What is a Data Source?

What is a Data Source?

You can see for yourself at this public view.
A Data Source is a web page, file, database, or filing cabinet somewhere which contains records about a criminal legal system agency (law enforcement, courts, corrections). Often, they are published by the agency itself. Many more records are hidden behind records request processes.
Data Sources can be records describing an agency's activities, like traffic stops or use of force policies. They describe agencies in the criminal legal system like the Pittsburgh Bureau of Police or Allegheny County Jail.
To contribute Data Sources, start here!

Why is this important?

People need to be able to find data to do anything with it. The foundation of our work is creating a common system for classifying and tracking public data. Does your organization have a giant, unwieldy spreadsheet tracking FOIA requests and web sites? You're not alone—and you can share your work with others.

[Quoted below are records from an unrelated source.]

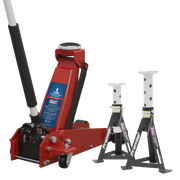 Sealey Trolley Jack 3 Tonne & Axle Stands Combo 3000CXDCOMBO1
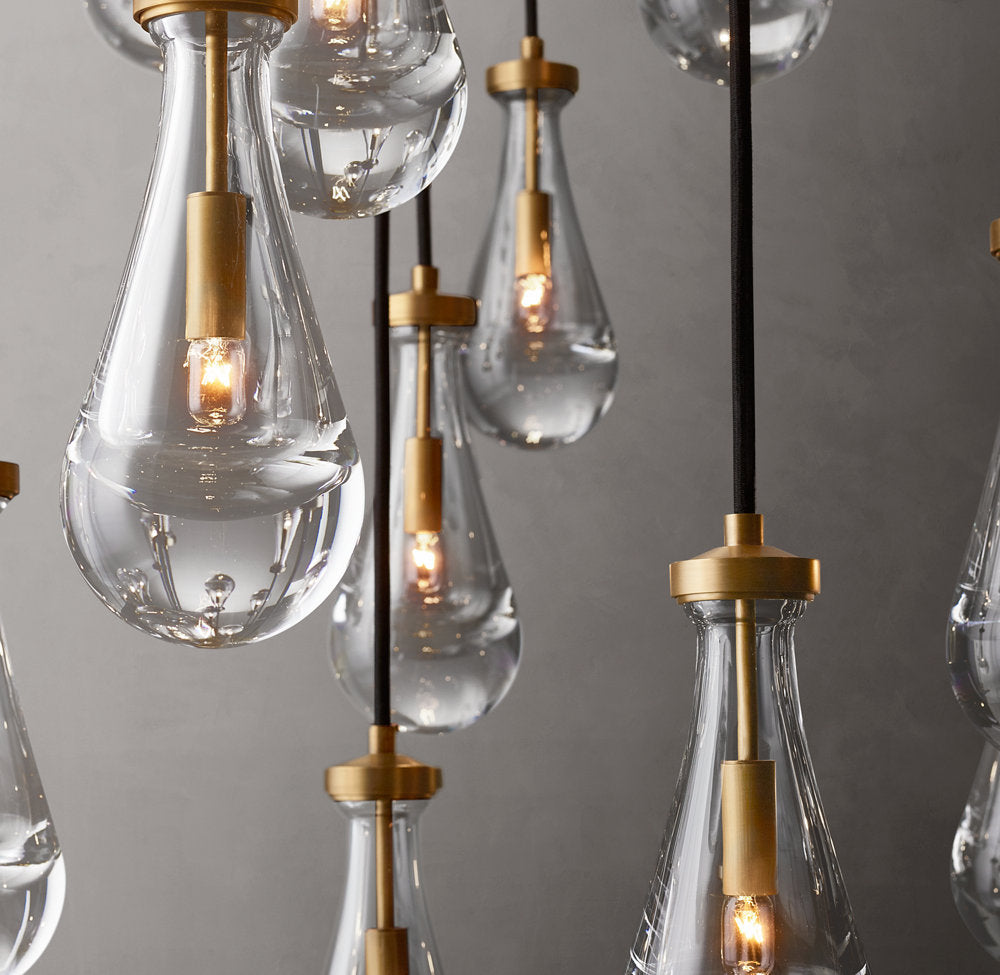 Monumental Artisan Glass Rain Chandelier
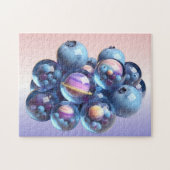 コズミックブルーベリーパステルガラス惑星 –  ジグソーパズル (横)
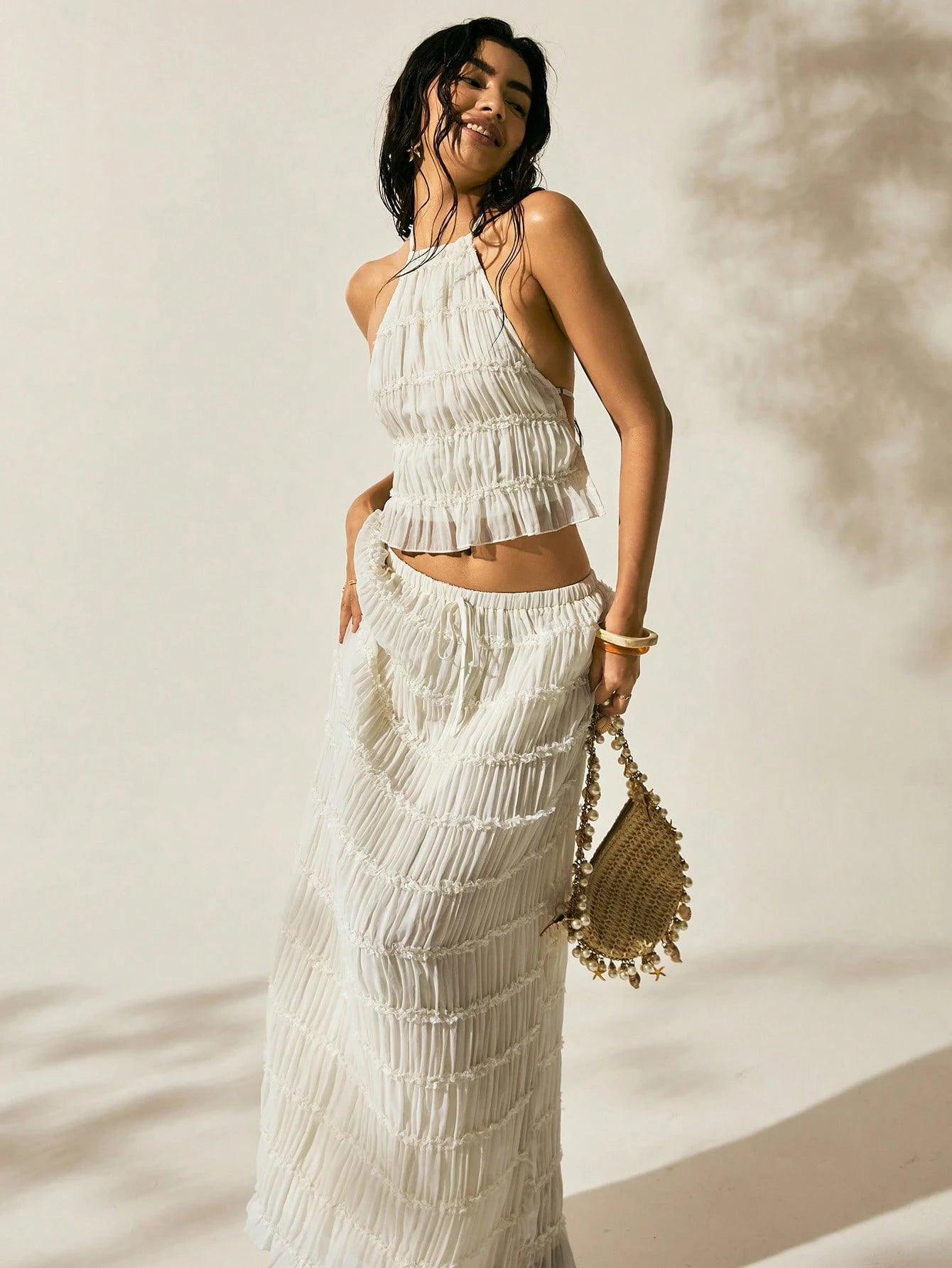 Easelle New Arrival Summer Women's Bohemian Style Sexy Breezy Tropical Vacation Outfit Two Pieces Outfits For Daily Wear Expose The Waist Beach Off-White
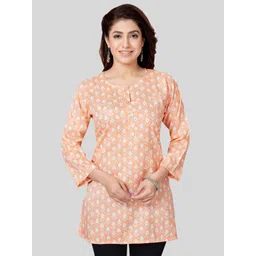 Saree Swarg Peach-Coloured & Off White Floral Printed Kurti-picture-16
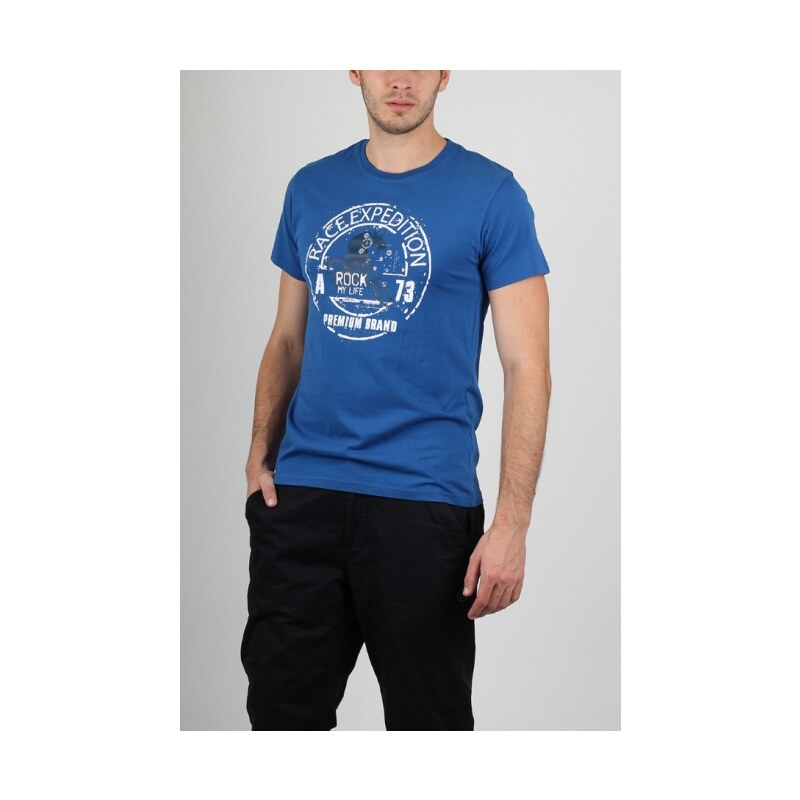 SAM 73 Pánské tričko s potiskem ve sportovním stylu MT 605 blue - modrá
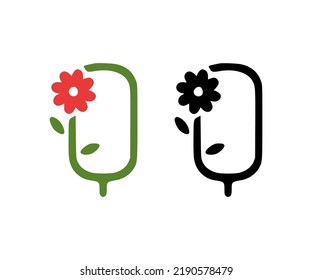 Letter Q and red flower doodle icon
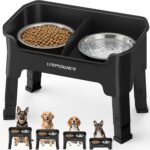 URPOWER Mess Proof Elevated Dog Bowls, Splash Guard Raised Bowl Stand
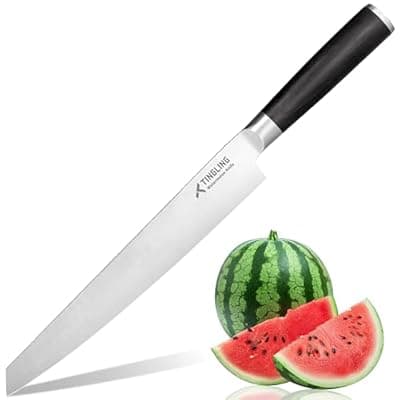[Tingling] Tingling Watermelon Knife 9" Melon Slicer: Fruit Knives for Cantaloupe, Pineapple Made of High Carbon Steel with Gift Box - Fruit Cutting Knife with Pakkawood Handle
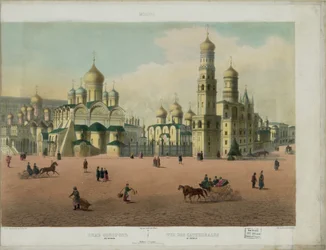 Piazza della Cattedrale nel Cremlino di Mosca da una vista panoramica di Mosca in 10 parti, ca 1848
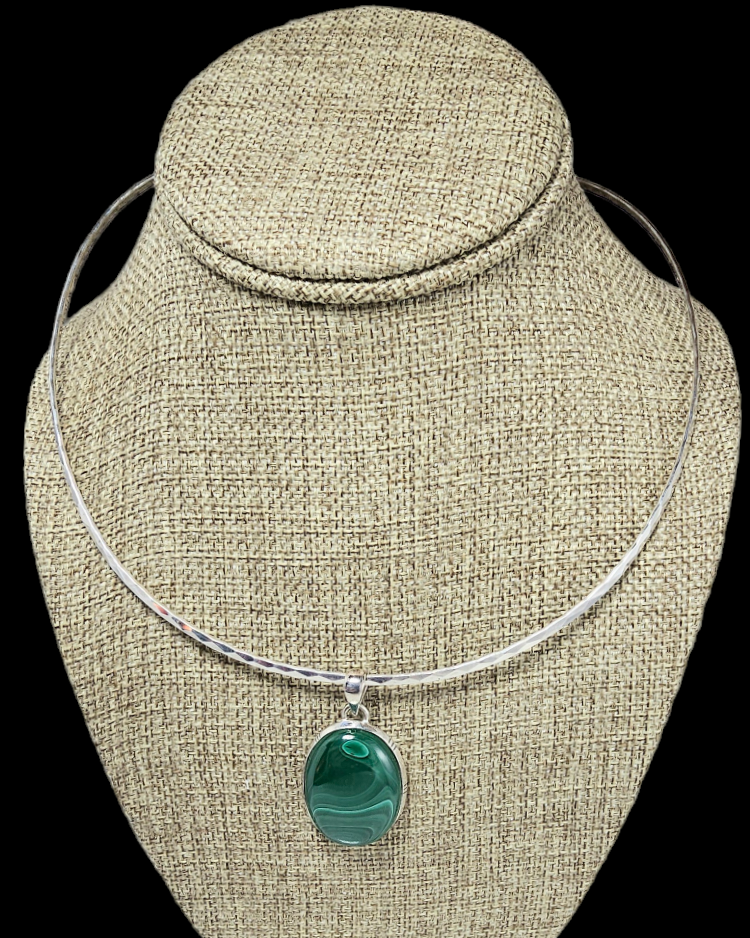 Handcrafted  Sterling Silver Pendant with Malachite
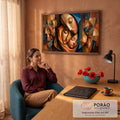 Quadro Decorativo Grande Três Rostos para Sala Marrom | quadros decorativos | três rostos femininos sobrepostos em estilo cubista com véu azul e tons terrosos | em ambiente 2 | Porao dos Quadros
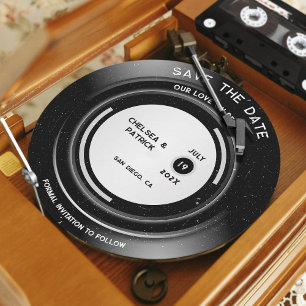 Rond de Faire-Part de Mariage Disque Vinyle Vintag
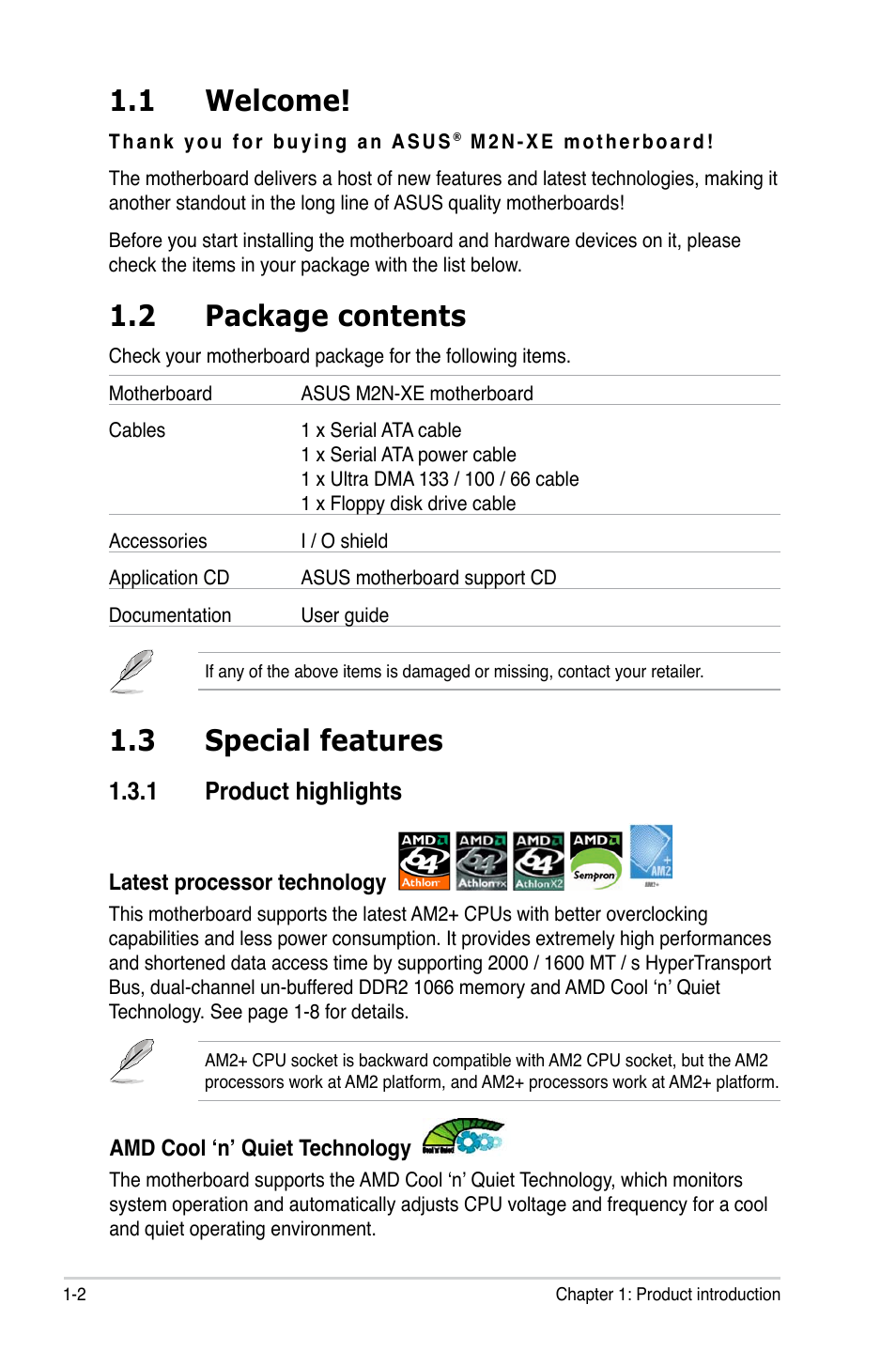 1 welcome, 2 package contents, 3 special features | 1 product highlights | Asus M2N-XE User Manual | Page 14 / 90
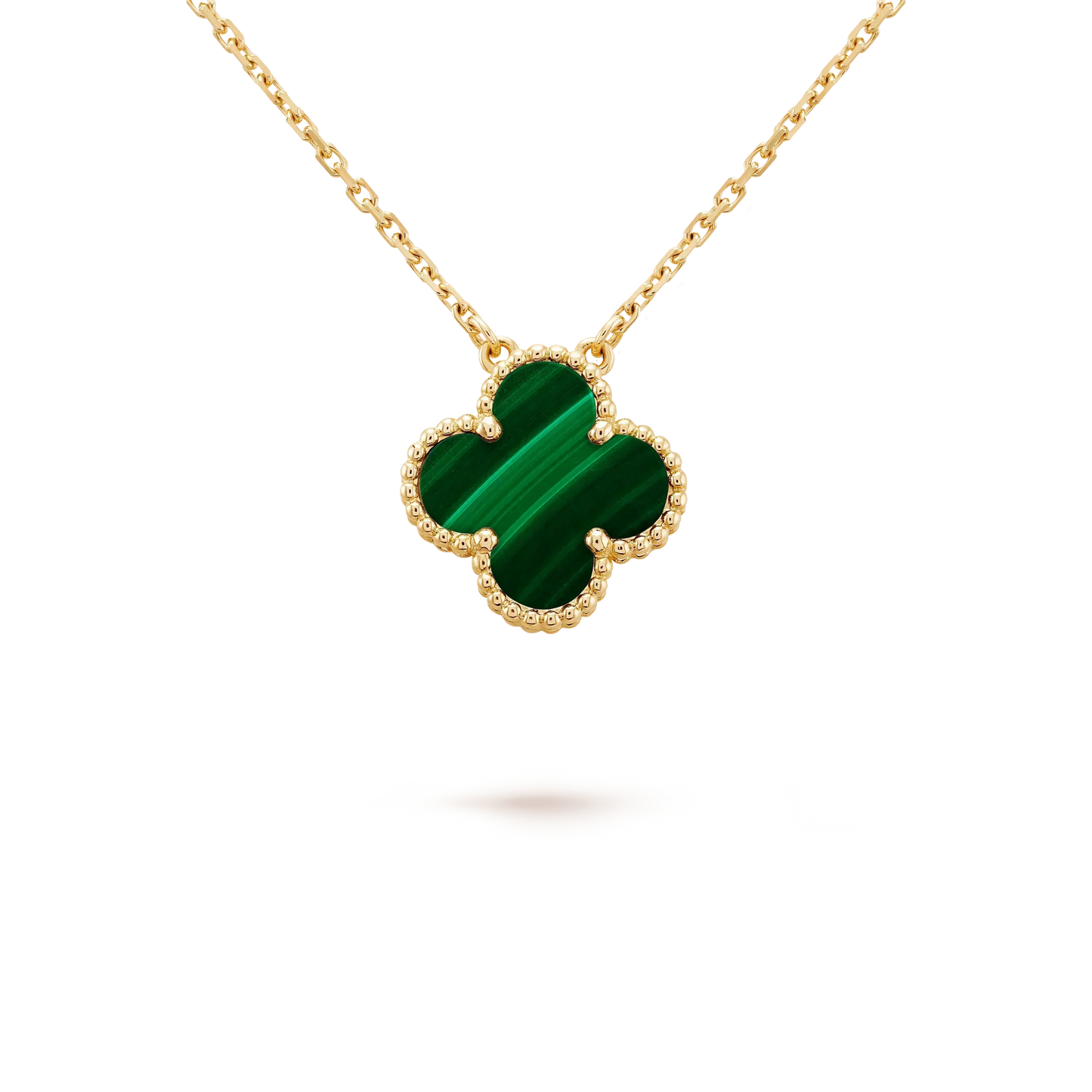 [basloveJW]CLOVER 15MM MALACHITE SINGLE FLOWER  NECKLACE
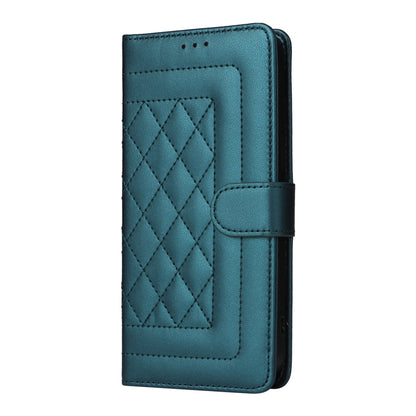 For iPhone 16 Plus Diamond Lattice Leather Flip Phone Case(Green) - iPhone 16 Plus Cases by buy2fix | Online Shopping UK | buy2fix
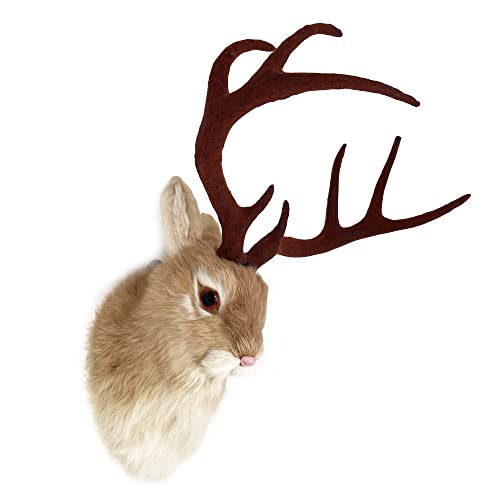FlyEgg Realistic Jackalope Head Wall Mount Yellow Figurine For Home Gift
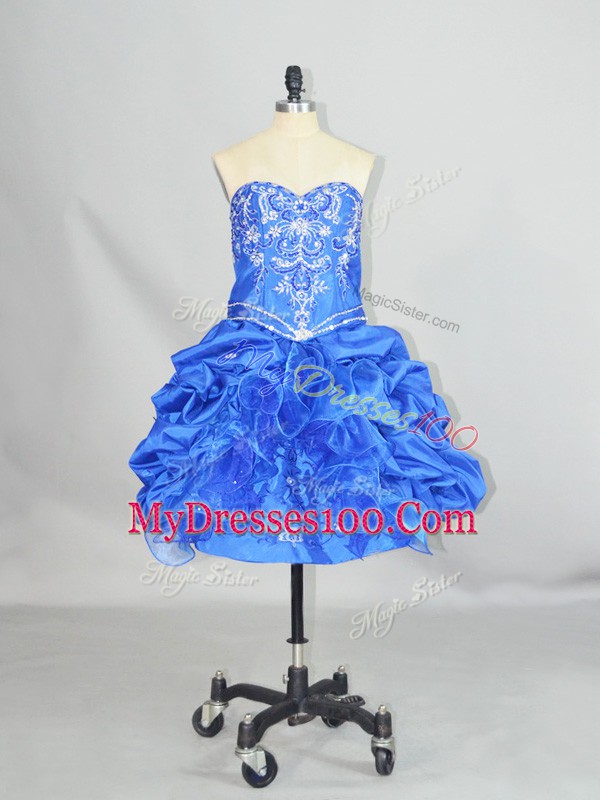 Blue Ball Gowns Beading and Ruffles and Pick Ups Lace Up Organza and Taffeta Sleeveless Mini Length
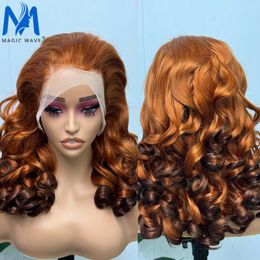 350/4 Coloured 300% Density Loose Wave Human Hair Wig For Black Women 13x4 Lace Frontal Brazilian Bouncy Fumi Remy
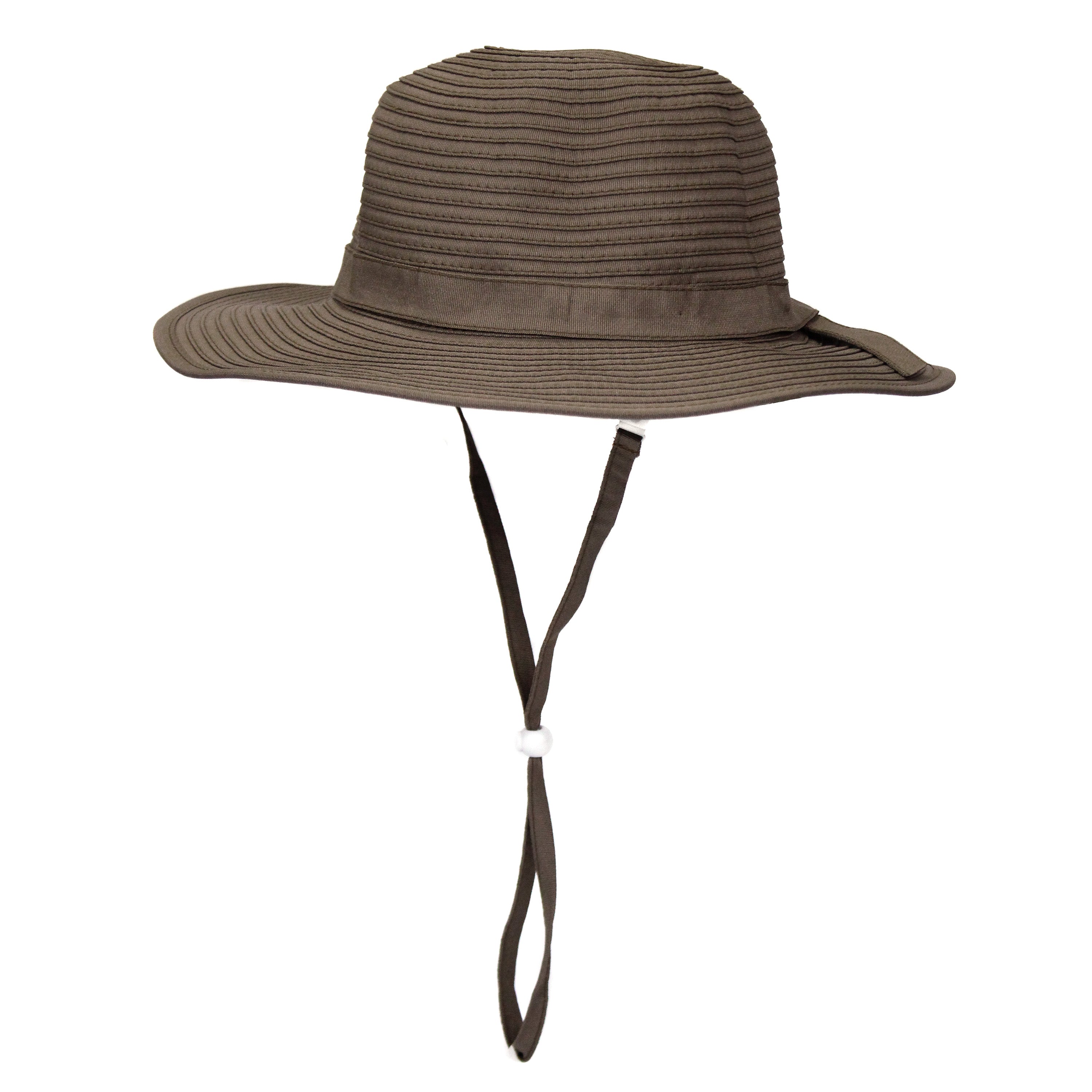 Girls Wide Brim Sun Hat - Brown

Things we can build using a Data Sources database

  • Automatic archives of each URL, creating a lasting resource for future research and web scraping. As it stands, information is lost to time due to data retention policies.
  • A classification system using metadata about which records are available, how it was collected, and how it relates to other records. This is the path to doing big, complicated aggregation projects.
  • Better transparency. We can improve transparency by being a hub for people who are using what's already there, finding its limits, and addressing them one by one.
  • Shared tools. When someone finds a Data Source in our database, they will also be able to see associated scrapers, extractions, and archives.

What kinds of Data Sources are best?

Finding all the Data Sources for your hometown is a human-sized project that can make a real impact.
If it's about a criminal legal system agency, we want to track it. This includes FOIA'd documents, web URLs, and independently scraped records.